Trump, però, ha presentato l’iniziativa come una misura di politica economica interna. Il presidente sostiene che «i minatori potranno tornare al lavoro» e che gli Stati Uniti avanzeranno ancora verso l’obiettivo dell’autosufficienza energetica. Sarà così? Pare proprio di no, se si considerano le statistiche del Dipartimento dell’Energia, citate dal New York Times. Nel 2015 l’industria del carbone occupava 65.971 addetti, contro gli 87.755 del 2008. Le nuove tecnologie di estrazione e i bassi prezzi del gas naturale hanno cancellato circa 22 mila posti di lavoro. I limiti per la tutela dell’ambiente non c’entrano nulla.

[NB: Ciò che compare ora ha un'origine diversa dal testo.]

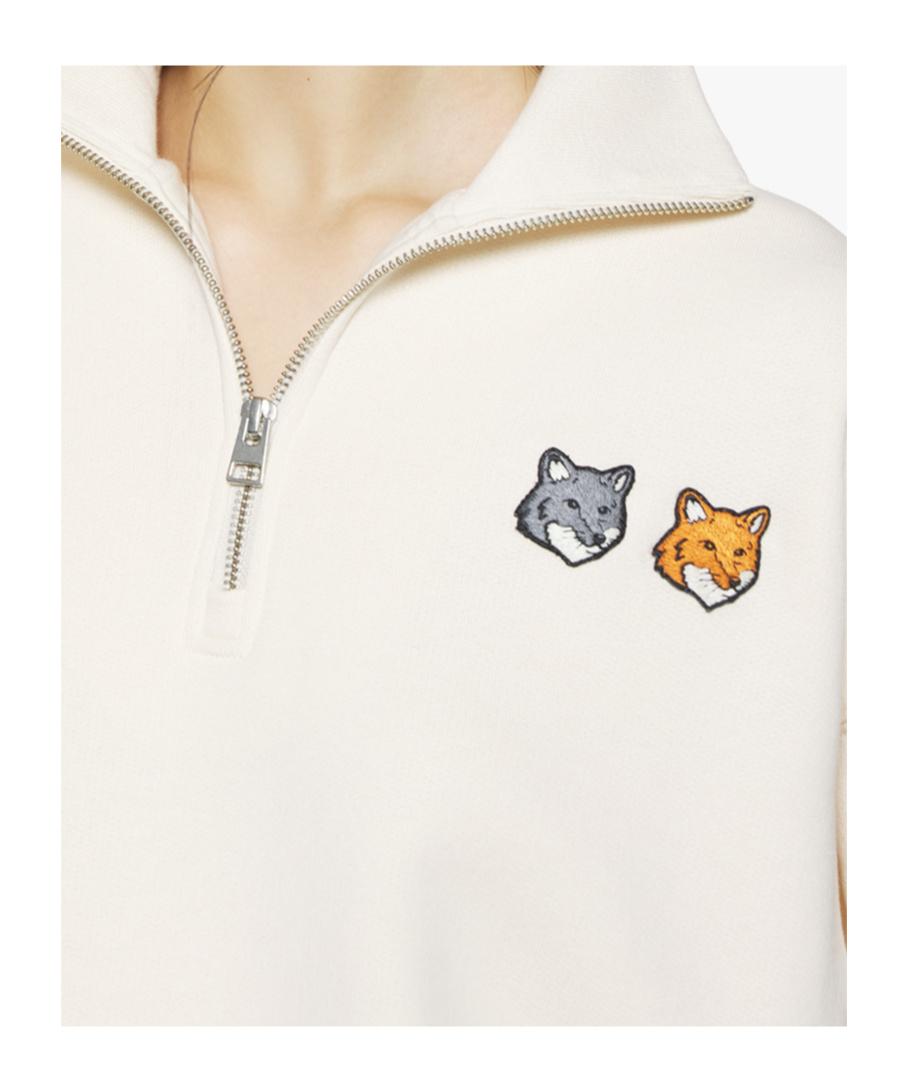 Maison Kitsuné Double Bold Fox Head Half Zip Comfort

Ma il racconto di Trump è un altro. Le miniere sono concentrate nei territori della vecchia «Rust belt», la cintura industriale ormai «arrugginita» nel Nord. Le parole «carbone», «acciaio», evocano per molti elettori di Trump il ritorno nostalgico all’America operosa, solida, quella della fatica, dei visi anneriti dalla fuliggine. Poi pazienza se nelle montagne del Kentucky il grosso del lavoro ormai viene fatto dai macchinari. Pazienza anche per l’anidride carbonica e per il protocollo di Parigi.
Ma neanche questa volta sarà facile cambiare direzione. Il provvedimento di Trump scava un vuoto giuridico che dovrà essere colmato da un’altra legislazione. Toccherà a Scott Pruitt, il neo direttore dell’Epa, l’Agenzia per la protezione dell’ambiente, metterla a punto. Pruitt è l’ex procuratore generale dell’Oklahoma: ha costruito la sua carriera facendosi finanziare le campagne elettorali dai petrolieri e portando avanti appelli in serie contro le restrizioni ambientali imposte da quella stessa Agenzia che adesso è chiamato a guidare. Dovrà difendere il suo piano, qualunque esso sia, dall’offensiva già annunciata dalle associazioni ambientaliste e, probabilmente da diversi ex colleghi: nel 2015, i procuratori generali di 18 Stati erano comparsi nei tribunali per appoggiare il «Clean Power Plan».
Ma non basta. Poi sarà la volta del Congresso ed è facile prevedere altre lacerazioni nel partito repubblicano, così come è accaduto con la riforma sanitaria. Ci vorranno mesi, forse un anno per avere una nuova disciplina.